Calver J said that it was “essential” for parties litigating in the Commercial Court (and presumably other courts) to follow the new guidance:

Section H.3 of the 11th Edition of the Commercial Court Guide contains new provisions concerning the way in which the content of foreign law is to be proved at trial. It is essential that all parties in a case proceeding in the commercial court, where issues of foreign law arise, now give careful consideration to this section of the Guide as a matter of course.

The judge referred to the guidance that the parties should be ready to discuss at a pre-trial review whether oral expert evidence of foreign law would in fact be needed at the trial. This he had “accordingly done with the advocates in this case.”

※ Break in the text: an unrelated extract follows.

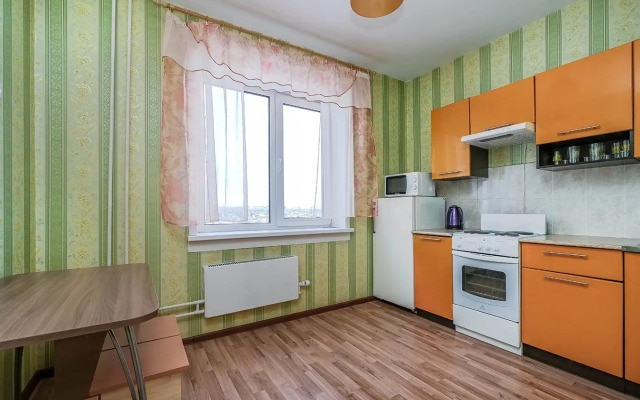 Квартира рядом с Мнтк им. Федорова и Ск Заря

The judge then took a split approach, with tailored rulings on the need for oral evidence relating to Singaporean law on the one hand and Thai and Chinese law on the other:

The legal system of Singapore has its origins in the English common law system. English Judges are well used to reading, analysing and applying (if appropriate) Singaporean case-law and statutory provisions, without the need for expert evidence on Singapore law. Provided the English Judge is supplied with the key sources of Singapore law which are relied upon (and, if necessary, any legal principles as to the interpretation and status of those sources), and with the benefit of the expert reports which have already been served, then the parties’ advocates should confine themselves to making legal submissions at trial as to the effect of Singapore law, without the need to call oral expert evidence of Singapore law. This has the added advantage of freeing up some additional time in the trial timetable.

And, whilst it was appropriate for the parties to rely on oral expert evidence of Thai law and Chinese law at the trial, this did not mean that the parties could simply sit back and leave everything to their experts:

I should add that whilst, in contrast, it is appropriate for the parties to call experts to give oral evidence at trial of Thai law and Chinese law (having exchanged expert reports), in order to assist the Judge with his pre-reading before the experts are called to give evidence, the parties should identify in a short written note for the benefit of Judge which Thai or Chinese law cases and statutory provisions it is essential for the Judge to pre-read (being central to the dispute between the relevant experts), rather than leaving the judge to read through the entirety of the voluminous expert reports in order to identify them for himself.

The key takeaway is the importance accorded by the judge to the new Guide and the flexible approach that it advocates. The decision also emphasises the need for proactivity on the part of the lawyers in considering (and reviewing) what the issues are, what evidence the court needs to resolve them, and how that evidence is best deployed with an eye on minimising the strain on judicial time and resources.